Ramadhan 1430 H telah berlangsung, persis satu bulan sebelumnya berbarengan dengan registrasi tahun ajaran baru siswa-mahasiswa. Sebentar lagi iedul Fitri dan Tahun Baru. Apa arti dari prolog ini ?
Perilaku budaya masyarakat Indonesia yang cenderung komersil, menjadikan hampir setiap investor (lokal dan asing) tertarik menanamkan modalnya di tanah air tercinta ini. Sebut saja seperti Carefoor, Indogroup, dan Telkomsel, sebagai salah satu investor besar di Indonesia. Kaitannya dengan itu semua, pola hidup yang tidak mau repot, ketatnya tuntutan kehidupan membuat masyarakat lupa bahwa perlu adanya pengaturan terhadap harga produk perusahaan terkait sehubungan dengan keterbatasan pendapatan dan banyaknya kebutuhan masyarakat yang bergantung pada produk tersebut.

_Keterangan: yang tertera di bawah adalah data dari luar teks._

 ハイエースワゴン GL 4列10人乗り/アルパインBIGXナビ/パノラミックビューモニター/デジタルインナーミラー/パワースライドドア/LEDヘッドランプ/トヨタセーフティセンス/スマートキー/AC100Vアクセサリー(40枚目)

Di bulan puasa ini, tingkat komersialisme masyarakat meningkat, kebutuhan pangan naik, biaya belanja bulanan membengkak, namun penghasilan tetap. Adanya kenaikan harga yang tidak terkontrol dari masing-masing item produk membuat beban masyarakat bertambah seiring dengan tuntutan dalam melunasi kebutuhan pendidikan. Periode waktu yang hampir datang bersamaan sudah tidak dapat dielakan lagi. Sebagai contoh, Saya berasumsi, seandainya ada sebuah keluarga dengan dua anak yang sama-sama mengenyam pendidikan SLTA dan PT, sedangkan orang tuanya berprofesi sebagai PNS golongan menengah dengan gaji bulanan sekitar 4 juta. Kemudian pada saat bersamaan, di tahun ajaran baru masing-masing melakukan registrasi pada tingkat pendidikannya masing-masing. Pertanyaannya, berapa uang yang harus dikeluarkan kedua orang tua tersebut untuk biaya pendidikan di awal tahun ajaran ? Cukupkah dengan hanya 2.5 juta ? bagaimana mereka menutupi kebutuhan bulanannya ? dengan merangkaknya harga kebutuhan pokok di bulan ramadhan. Cukupkah hanya dengan bermodalkan sisa 1,5 juta untuk biaya hidup satu bulan? Silahkan anda menjawab.
Ini adalah asumsi seorang pegawai dengan penghasilan tetap dan berstatus sosial cukup mapan. Pertanyaan selanjutnya adalah, bagaimana dengan mereka (masyarakat Indonesia) yang penghasilan bulanannya hanya 2 juta dengan jumlah anggota keluarga yang sama ? Atau bagaimana nasib sebuah keluarga yang pendapatannya hanya 1 juta atau kurang dari itu ? Silahkan anda renungkan !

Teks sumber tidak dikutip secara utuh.